Iowa journalist examines potential impact of a Wal-Mart Supercenter; it's not all bad, experts say

A Wal-Mart Supercenter changes a community, and Carroll, Iowa, surely will not be the same after one opens there tomorrow. Economic experts, however, say life can go on for local businesses who face tougher competition with the retailing giant, reports Douglas Burns of the Iowa Independent. Burns' report takes a common event — the opening of a Wal-Mart in rural America — and investigates just what it may mean for the local economy, beyond the usual dire forecasts for local, small businesses. (Encarta map)

Iowa State University professor Kenneth Stone, who has researched the impact of large retail stores, said the Supercenter will hurt local stores, but they are strong enough to handle the competition. "Stone said that retail trade centers such as Carroll generally have Supercenters. Without one, the business community loses traffic to nearby Supercenter communities like Atlantic and Fort Dodge," Burns writes. Carroll has 10,000 people, the county 21,000. Carroll's old Wal-Mart is in an unusual location, downtown. The new one isn't.

Jack Schultz, author of Boomtown USA, writes on his blog of the same name that the Supercenter could generate more business in Carroll. "There is a life with Wal-Mart ... I see it over and over as I travel around the country," he writes. "Generally, small towns appreciate their Wal-Marts and the most complaints are from towns that don't have one or that didn't allow one to build in their town years ago and today regret having let the big fish swim to a neighboring town."

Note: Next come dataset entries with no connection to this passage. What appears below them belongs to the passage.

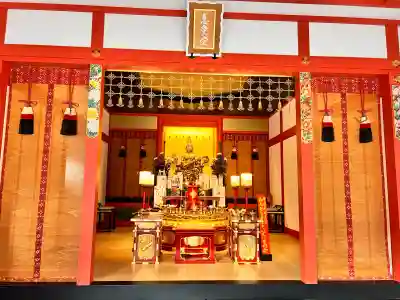 六波羅蜜寺の{uncategorized: "未分類", other: "その他", undefined: "問題あり", building: "その他建物", grave: "お墓", sacred_gate: "鳥居", guardian: "狛犬", statue: "像", buddha: "仏像", history: "歴史", nature: "自然", garden: "庭園", animal: "動物", pagoda: "塔", temizu: "手水舎", mountain_gate: "山門・神門", sanctuary: "本殿・本堂", subordinate: "末社・摂社", art: "芸術", scenery: "景色", jizo: "地蔵", ema: "絵馬", goshuin: "御朱印", omikuji: "おみくじ", items: "授与品その他", amulet: "お守り", goshuincho: "御朱印帳", eats: "食事", festival: "お祭り", votive_dance: "神楽", shichigosan: "七五三参", wedding: "結婚式", experience: "体験その他", initially: "初詣", around: "周辺", anti_infection: "感染症対策"}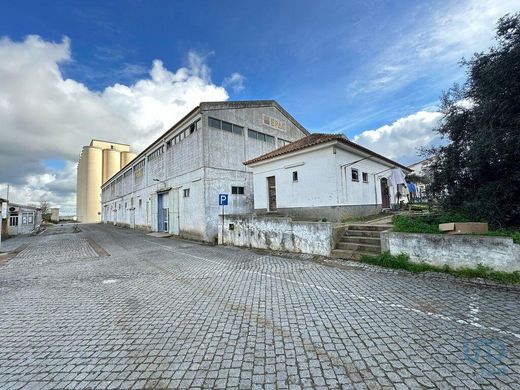 Edificio en Aljustrel, Beja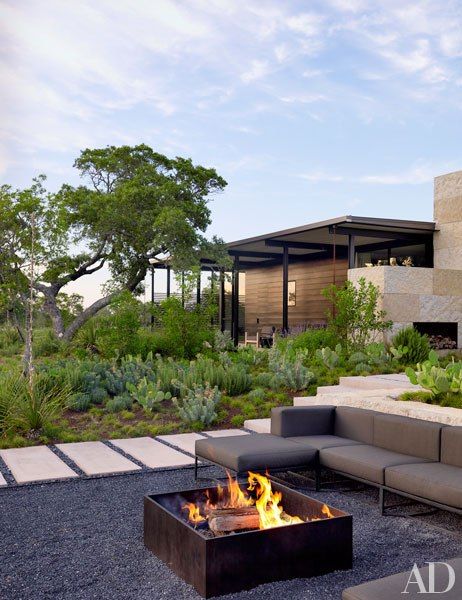 The fire pit at Sara Story's sprawling Texas retreat, a collaboration between the designer and Lake|Flato Architects Lake Flato, Fire Pit Materials, Rustic Fire Pits, Fire Pit Furniture, Modern Backyard Landscaping, Fire Pit Seating, Backyard Landscape, Fire Pit Designs, Modern Backyard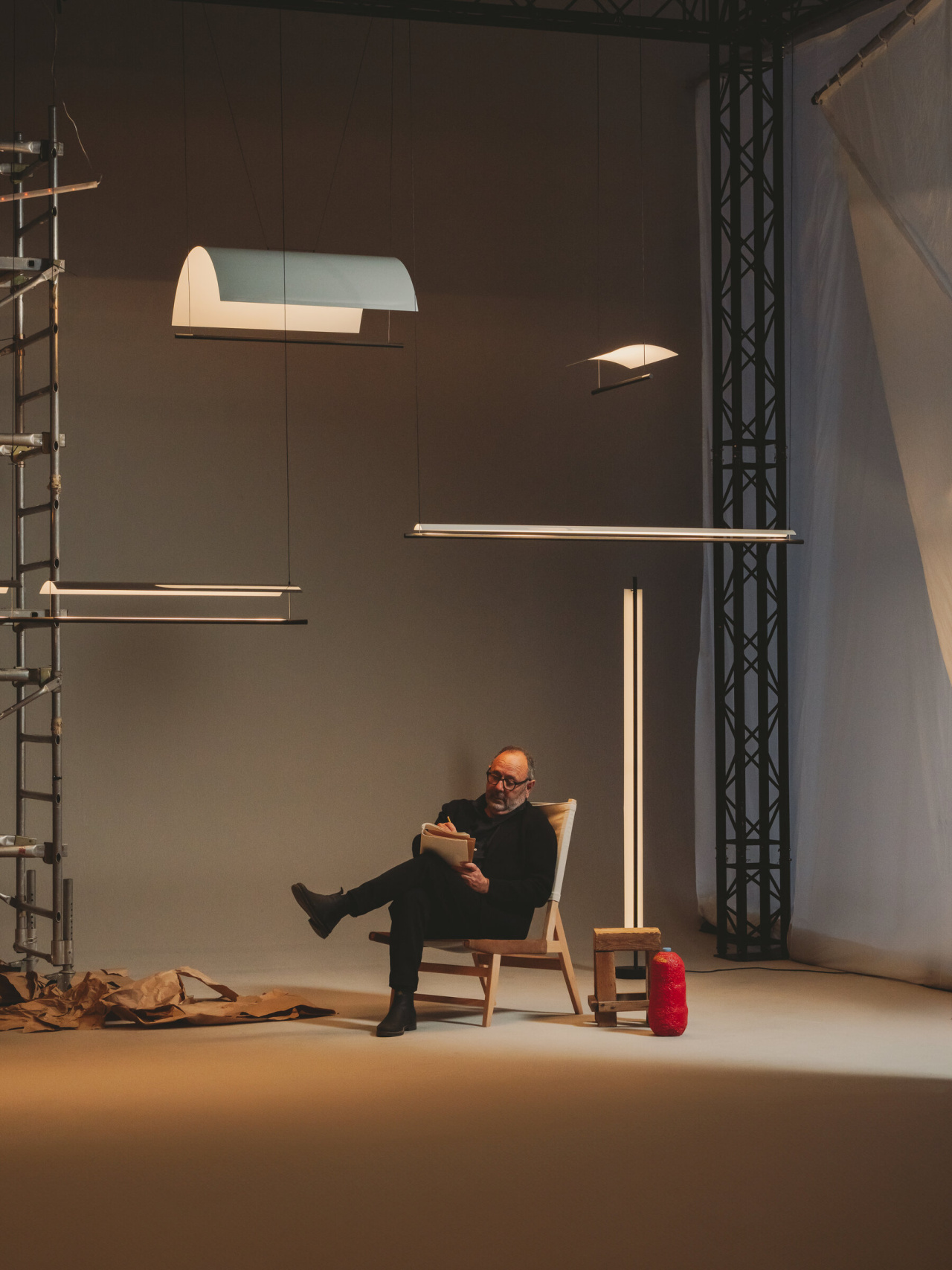 LaReflexionDeLaLuz-Lamina-EnricBadrinas-2024-14-x2400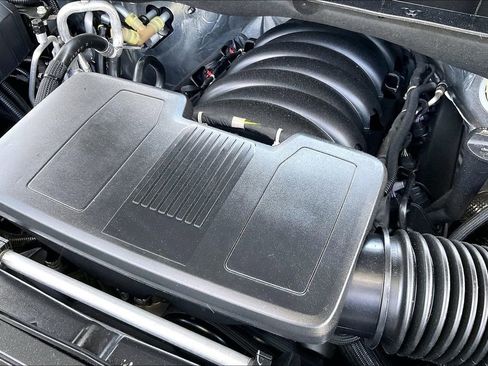 Used 2024 Chevrolet Tahoe LS RWD image 34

Stone said the competition brought by Wal-Mart can be good for local business. "Wal-Mart's really made a lot of merchants a lot better than they had previously been just simply because they upped the competition to the point where you have to get better or you don't make it." He added, "Anybody that's selling something different from what Wal-Mart's selling is subject to benefit from the additional traffic that Wal-Mart will draw." (Read more)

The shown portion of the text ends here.